This style of storytelling, with the presence of the director/auteur looming large in every moment didn’t quite work for a human drama like “Carmen” where the emotional neutering made the entire opera void of emotional investment, but definitely manages to engage in a more archetypal fairytale like “The Magic Flute.” If anything, the technology’s power speaks quite openly to the opera’s themes themselves, as presented here, adding to the sense that the sum of the parts is a truly mesmerizing whole.
As noted, the singers themselves deserve tremendous credit for the way they make the entire artifice feel alive at every moment, even if their work comes off as more technical than vivid and life-like. But it does place a special emphasis on the musical numbers and the impact they can have.
Tenor Julien Behr as Tamino, managed an even tone quality throughout the night, coupled with a true vocal presence that made him the opera’s hero. “Dies Bildnis ist bezaubernd schön” is a very challenging piece for any tenor, opening on an interval jump from a B flat to a G natural right in the tenor’s passaggio. But Behr displayed tremendous confidence with this opening line and the similar vocal jumps that followed, always creating a sense of unified line and a sense of forward movement and emotional yearning that characterized Tamino’s newfound love. At the climax of the piece, with several ascensions to high A flat, his voice grew in strength as he delivered each high note with greater intensity, but never any sign of strai n.

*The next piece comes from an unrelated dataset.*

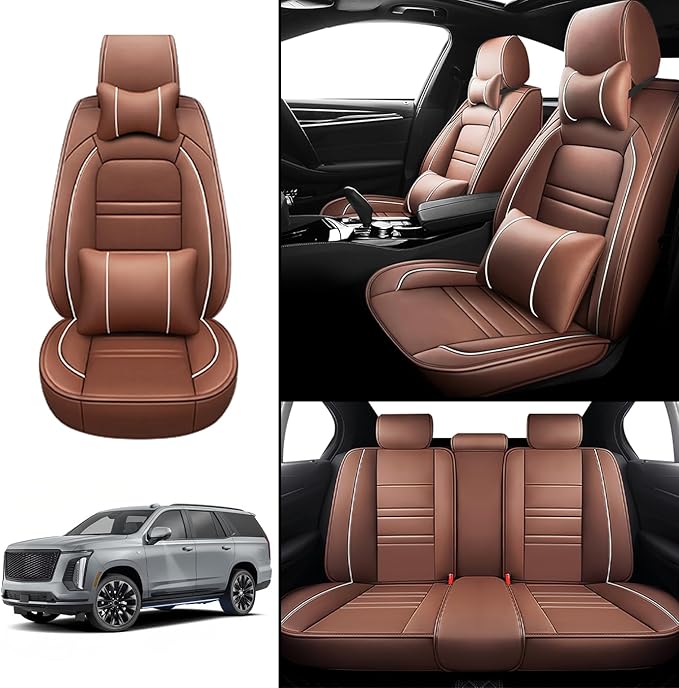 Car Seat Covers for Cadillac Escalade 2000-2025 | 5-Seats Seat Covers, Waterproof Seat Protectors, Automotive Seat Covers (Full Set with Pillow,Coffee)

The second aria, “O wenn ich doch” was probably even more impressive, with the tenor opening on the most delicate of vocal enunciations, his voice growing into even more intense vocal outbursts (as he lamented the potential loss of Pamina) than anything he had showcased in “Dies Bildnis.” His singing then took on a brightness particularly in the ending “Vielleicht führt mich der Tonzu ihr.” It was full of tremendous range that allowed us to feel Tamino’s initial heartbreak, desperation, and eventually fulfillment and joy.

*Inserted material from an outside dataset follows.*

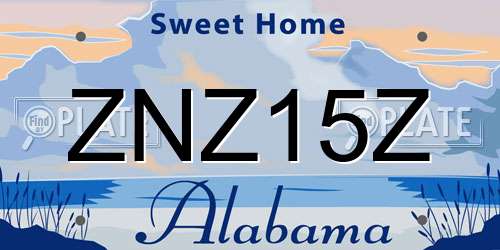 ZNZ15Z Alabama License Plate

As Papageno, Rodion Pogossov’s clear and vibrant baritone also took centerstage every moment he was on. “Der Vogelfänger bin ich ja” had a jubilant quality to it, the baritone simply allowing the fullness of his voice to carry the charming tune. In many ways, he was the comic scene-stealer of the entire production, but this was undeniably by design, particularly in his interactions with the digital cat he was given. This alone, allowed the character to gain a tremendous amount of emotional connection with the audience. And yet, for all the fun he managed to give the audience, he really shone in the dark “Nun wohl-an,” the voice taking on a darker quality with a hint of desperation that turned to bitterness on the final accented “Gute Nacht, du falsche Welt!” The transition to this darker moment was made all the more potent by the preceding enunciations of Eins, Zwei, Drei, with its long pauses and Pogossov’s own visual expressions and body language expressing a deep sense of increasing loss and disappointment.

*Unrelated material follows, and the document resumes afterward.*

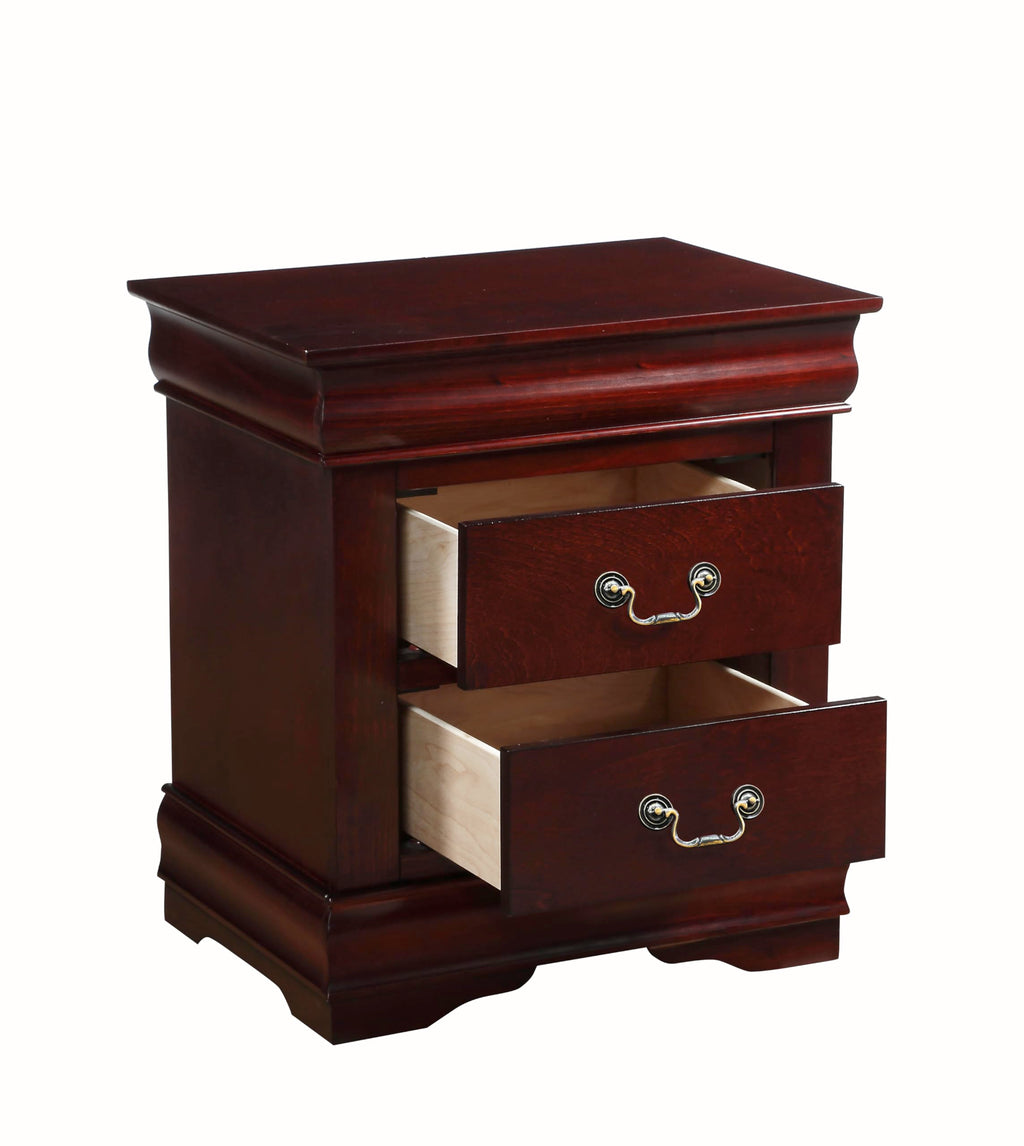 Acme Louis Philippe Nightstand in Cherry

This all made that final duet with Tayla Lieberman’s Pappagena pay off that much better with the two in perfect vocal harmony as the digital imagery around them depicted their homes and dozens and dozens of Pappagenos and Pappagenas; the audience was hysterical throughout this duet.
Soprano Maureen McKay’s first vocal enunciations as Pamina displayed a hard-edged sound, but it suited the situation quite perfectly; Pamina is a prisoner, being menaced by three massive dogs on a leash held by Monostatos.
But as she eased into the opera, her voice took on a lighter complexion, which blossomed in the glorious “Ach, ich fühl’s” where Pamina is locked up in what looked like a snowglobe, lamenting the loss of her lover. Here McKay’s voice soared beautifully, particularly in the G natural that opens the second phrase “Ewig hinder Liebe Glück,” which she plucked out of the air without any seeming difficulty (a lot of sopranos struggle here and with ensuing phrases that open in the passaggio). The runs to the high B flat were delivered with ease and a great sense of connectivity, all of it adding to an increasing sense of torment and pain. She gradually dimmed her voice in the aria’s latter sections, delivering a floating high B flat on “Liebe Sehen” followed by a subtle crescendo on a G natural on “Ruhim.” The entire aria was an incredible display of vocal artistry and emotional depth.
As the Queen of the Night, soprano Audrey Luna, who stepped in at last second for an ailing Christina Poulitsi, managed some tremendous applause all around and there is no doubt that her voice resonated quite potently throughout the hall in her two show-stopping arias. And while the high F naturals were well-placed and crystal clear and her phrasing was pointed and precise, her pitch in the upper regions of her voice frayed in both arias “O zitt’re nicht” and “Der Hölle Rache kocht in meinem Herzen.” The coloratura runs were also sloppy in the first aria. Still, she was an imposing presence as the Queen, making the most of her brief appearances to make a lasting impact on the narrative.
As Sarastro, bass Dmitriy Ivashchenko displayed a warm and elegant bass sound at the start of “O Isis und Osiris” and “In diesen heil’gen Hallen,” emanating a sense of peace and gentility. Still, his Sarastro is an ambivalent figure in this production and there was a coolness in the bass’ singing overall; it worked within the interpretation and allowed the roundness of his middle and upper register to ring gloriously into the hall. Unfortunately, his lower range was barely audible in the hall and would often be covered up by the slightest of crescendos in the orchestra. One might blame the Koch Theater for its well-known limitations in the acoustics department, but the singers came through quite clearly and consistently throughout the evening.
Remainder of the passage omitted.